Like throwing the die by itself has equal chance to land 1-6 but you need to find a way to throw it that you can count to 1-7
Lmao you got them all wrong. The coin one isn't a trick question at all.
None of these are trick questions and it isn't 1/2 for #3
i thought 1 and 7 exlucded. ok if they're included then:
2 extra numbers than the usual 6. so 33% increase. u can calcualte it with a die throw
2 numbers, one higher, one lower. 50/50, u can calcualte with a die throw
so u do this:
throw the die. if its 1, 2, 3, 4 => throw it again, and whatever u throw, thats the number. from 2 to 6.
if u roll 5 or 6, then throw again
if u roll 1, 2, or 3 => ur ending number is 1
if u roll 4, 5, 6 => ur ending number is 7
For #1 you need to find a system of throwing the die that let's you go up to 1-7, and I already hinted it requires you to know how to count in binary.
#2 say you have a coin that flips heads 9/10 times and tails 1/10 times, or some other value like 67/70 heads vs 3/70 tails, how do you flip the coin in such a way that the result is a 'fair' 50/50 between two players?

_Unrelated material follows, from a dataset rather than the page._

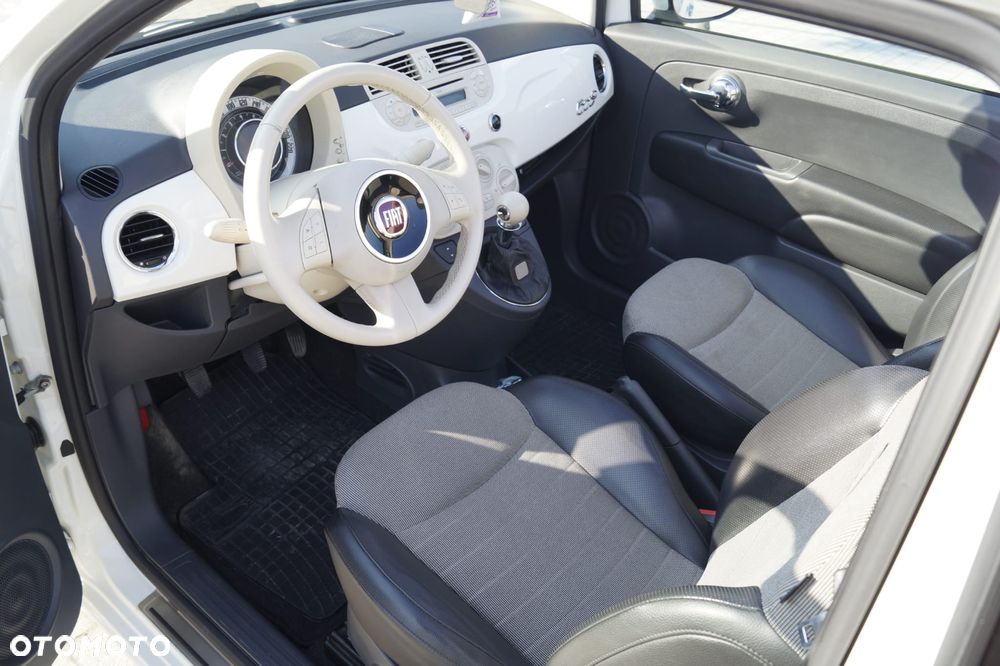 Fiat 500 1.2 Lounge - 17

#3 it's not 1/2 lol, my hint is that you don't know if the first or second kid is a girl, so you need to imagine every possible scenario and pick from the ones which the question narrows down for you and then calculate the probability
#4 if you had 1000 couples and they had kids, try to imagine how it would play out and what the distribution might look like
well thats different. i was assuming a real-life scenario where some guy hands u a coin and u dont know how much is one side heavier than the other
and for number 3 its very obviously 50/50 lol
the image you posted is a trivial limit of the function 0.5/x as x goes towards infinity and it clearly = 0
unlikely this limit is involved in any solution
Based on the system you created, does each number have an equal chance of occurring like in the situation with the 1-6 die?
yea i think so
how is the answer to 3 not 50/50
there are 2 possibilites: girl/boy and girl/girl, lol
i dont even consider 3 a well formed question
looked up the answer to 2 and its pretty clever tho
wait i forgot how dies work. they count from 1-6. i thought they count from 2-6 i forgot they have the 1 oops
nvm
How many times can you roll the die?
For #1 just use a d7 die from D&D. Otherwise just have each number on the die represent a bit positions 1 2 3, and 4 5 6 also correspond to 1 2 3. Then roll it 3 times?